## TASK
Go to the line containing "If I go back" in the records below and print it and every following line exactly, on through the line containing "Pretty much the", then stop.
-------- DATA UNDER STUDY
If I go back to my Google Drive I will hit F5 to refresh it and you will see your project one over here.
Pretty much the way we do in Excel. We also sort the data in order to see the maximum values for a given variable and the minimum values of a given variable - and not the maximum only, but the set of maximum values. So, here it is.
----------------
-------- DATA UNDER STUDY
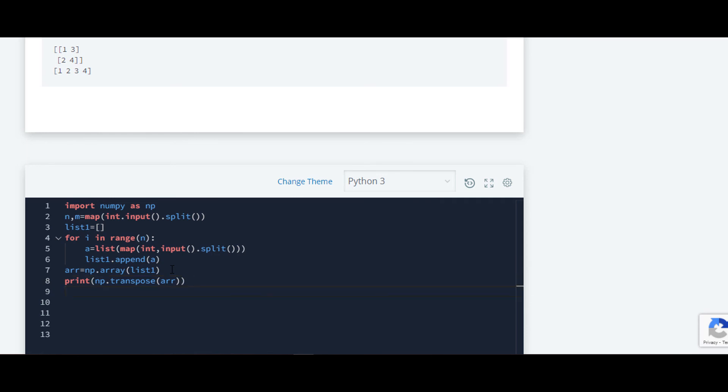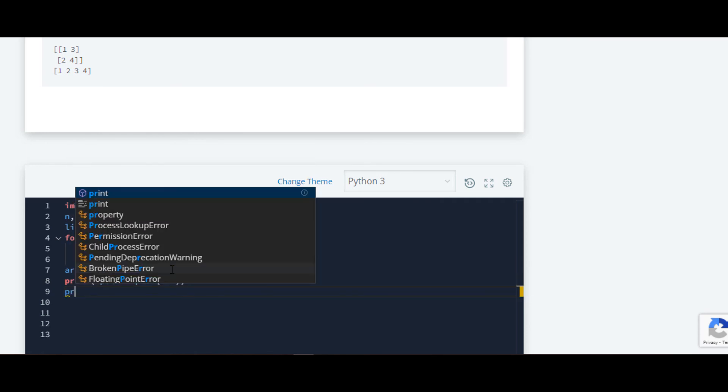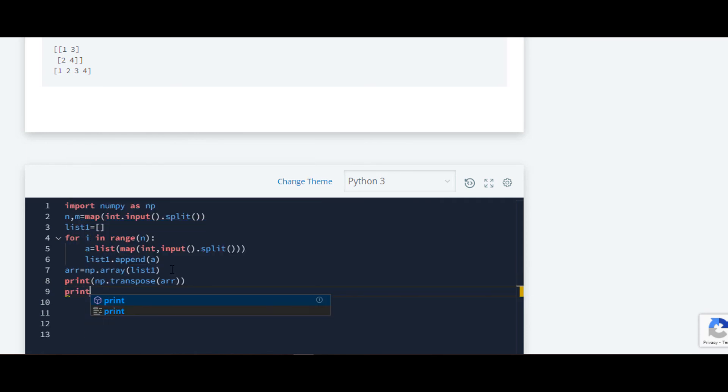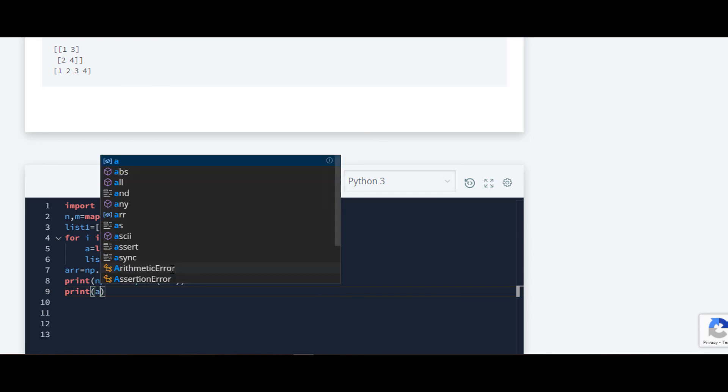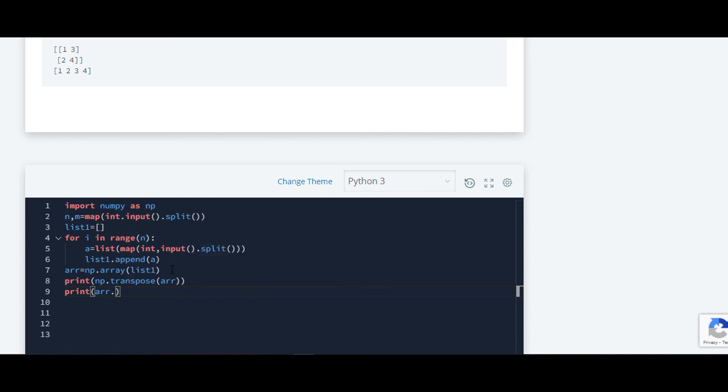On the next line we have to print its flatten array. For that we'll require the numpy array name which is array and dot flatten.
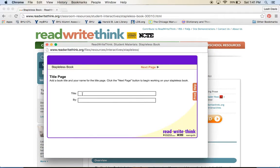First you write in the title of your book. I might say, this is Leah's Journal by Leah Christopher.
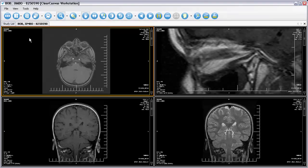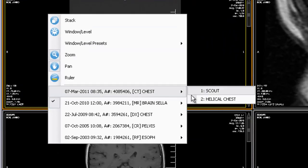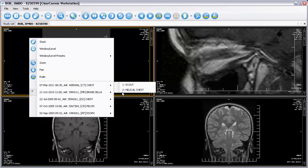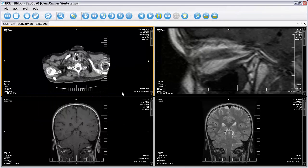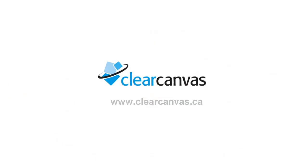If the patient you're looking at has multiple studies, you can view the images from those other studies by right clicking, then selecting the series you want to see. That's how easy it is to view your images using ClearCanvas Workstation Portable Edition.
----------------
-------- DATA UNDER STUDY
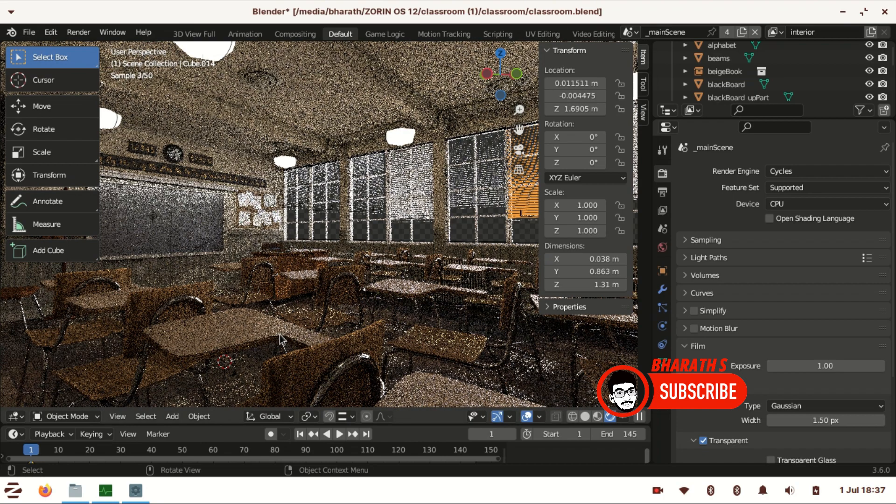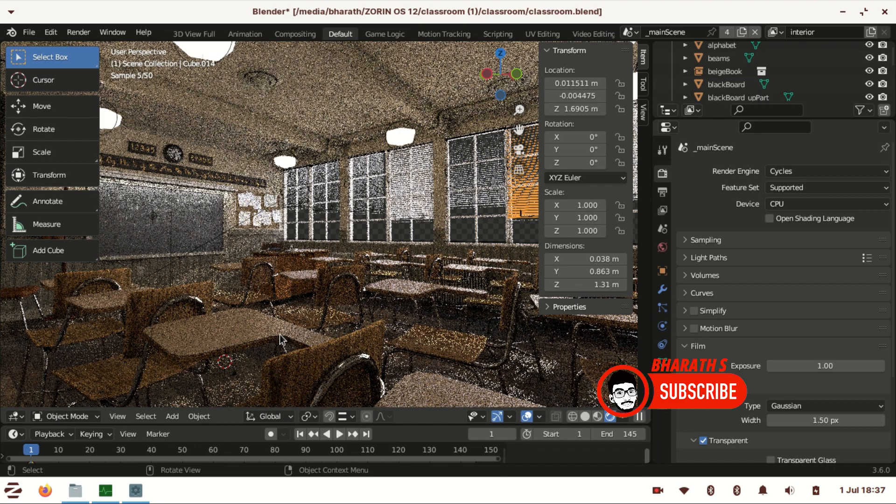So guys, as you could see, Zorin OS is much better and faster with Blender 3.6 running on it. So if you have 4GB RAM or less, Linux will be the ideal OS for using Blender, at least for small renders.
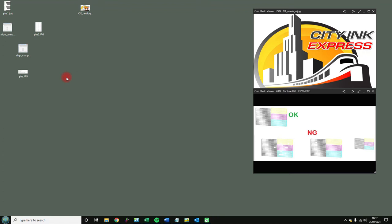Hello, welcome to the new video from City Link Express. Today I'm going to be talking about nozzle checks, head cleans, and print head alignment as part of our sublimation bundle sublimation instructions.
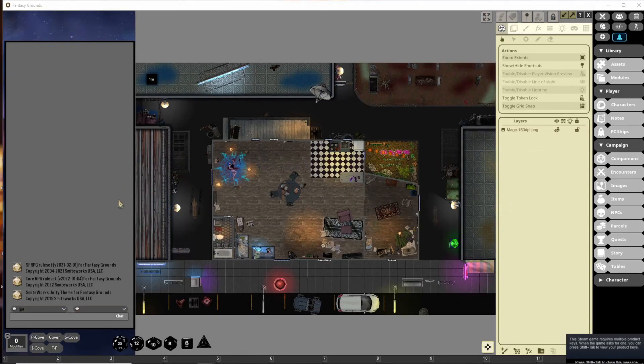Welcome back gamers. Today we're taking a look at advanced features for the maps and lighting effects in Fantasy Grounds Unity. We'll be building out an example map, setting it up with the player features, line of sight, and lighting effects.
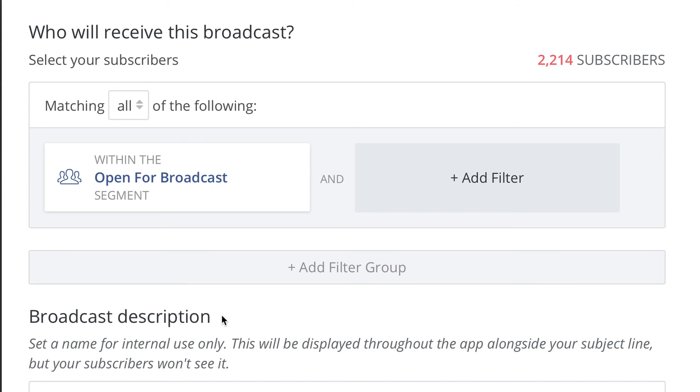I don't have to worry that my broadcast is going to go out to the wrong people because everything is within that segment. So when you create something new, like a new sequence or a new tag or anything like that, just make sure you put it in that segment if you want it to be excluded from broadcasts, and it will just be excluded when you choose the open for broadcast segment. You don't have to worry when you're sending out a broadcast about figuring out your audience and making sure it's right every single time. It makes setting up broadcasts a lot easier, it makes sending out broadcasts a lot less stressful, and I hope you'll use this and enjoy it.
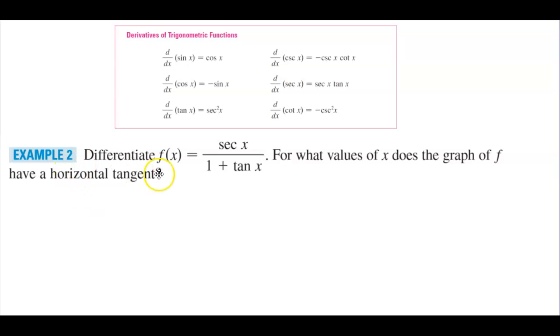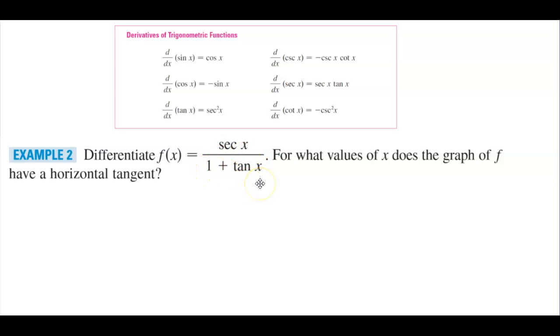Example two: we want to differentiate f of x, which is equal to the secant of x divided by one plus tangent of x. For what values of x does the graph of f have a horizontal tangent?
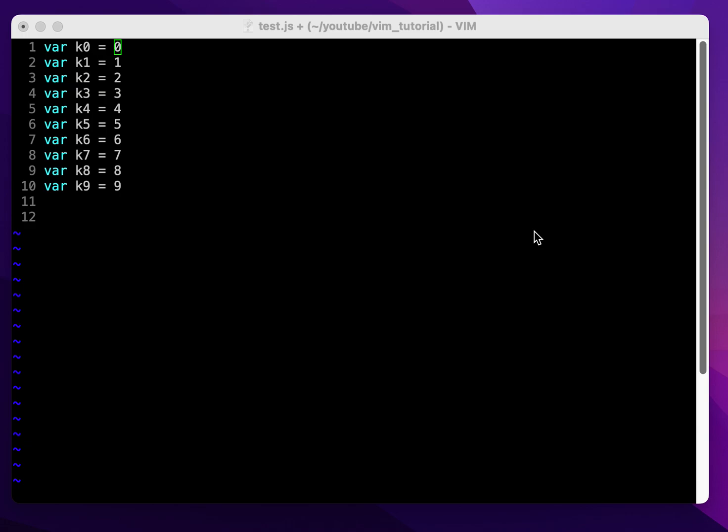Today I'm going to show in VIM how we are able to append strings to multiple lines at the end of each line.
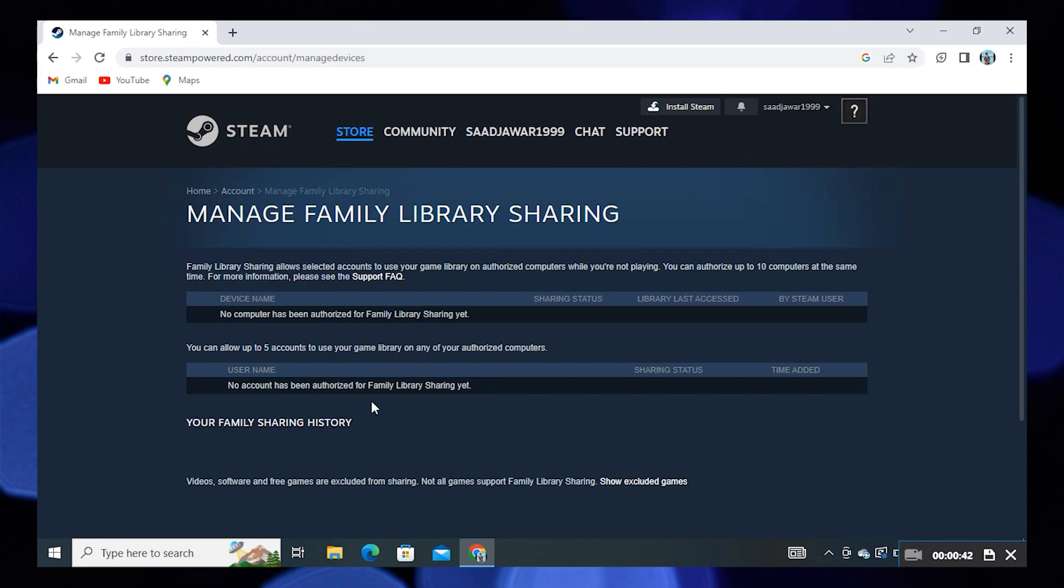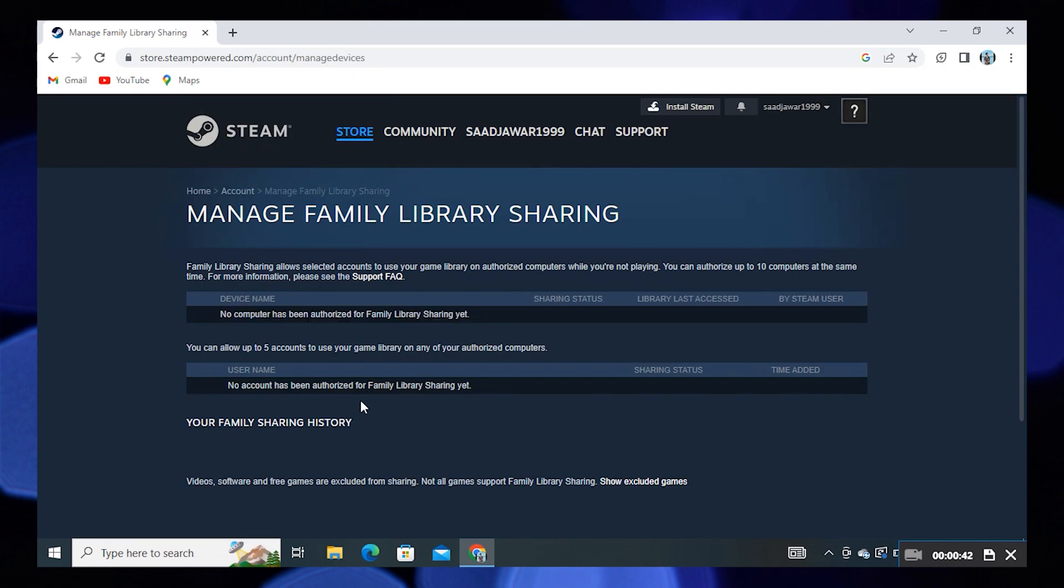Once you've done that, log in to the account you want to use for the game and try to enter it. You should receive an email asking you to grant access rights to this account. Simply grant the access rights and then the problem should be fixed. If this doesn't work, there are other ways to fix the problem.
----------------
## ANSWER TO THE PROBLEM
If I go back to my Google Drive I will hit F5 to refresh it and you will see your project one over here.
Pretty much the way we do in Excel. We also sort the data in order to see the maximum values for a given variable and the minimum values of a given variable - and not the maximum only, but the set of maximum values. So, here it is.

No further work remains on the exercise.